◆ **Task instructions**
Repeat the listing exactly. The images do not belong in the copy.

(Given data)

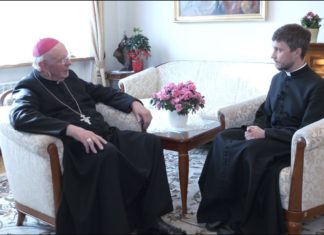 Wywiad z arcybiskupem seniorem…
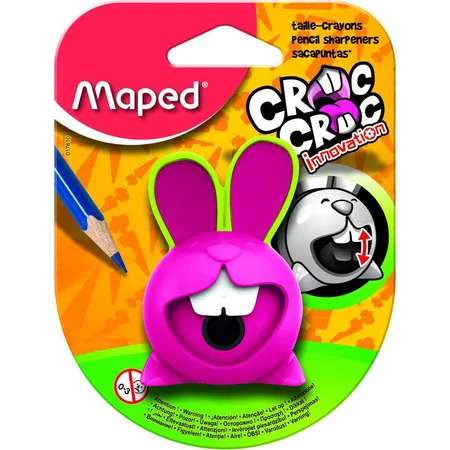 Maped Anspitzer Croc Croc Innovation
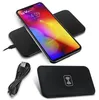 Induktive Ladestation für LG G7 / G8X / G8S ThinQ Qi Produktbild-Vorschau 1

(End Given data)

◆ **Expected answer**
 Wywiad z arcybiskupem seniorem…
 Maped Anspitzer Croc Croc Innovation
 Induktive Ladestation für LG G7 / G8X / G8S ThinQ Qi Produktbild-Vorschau 1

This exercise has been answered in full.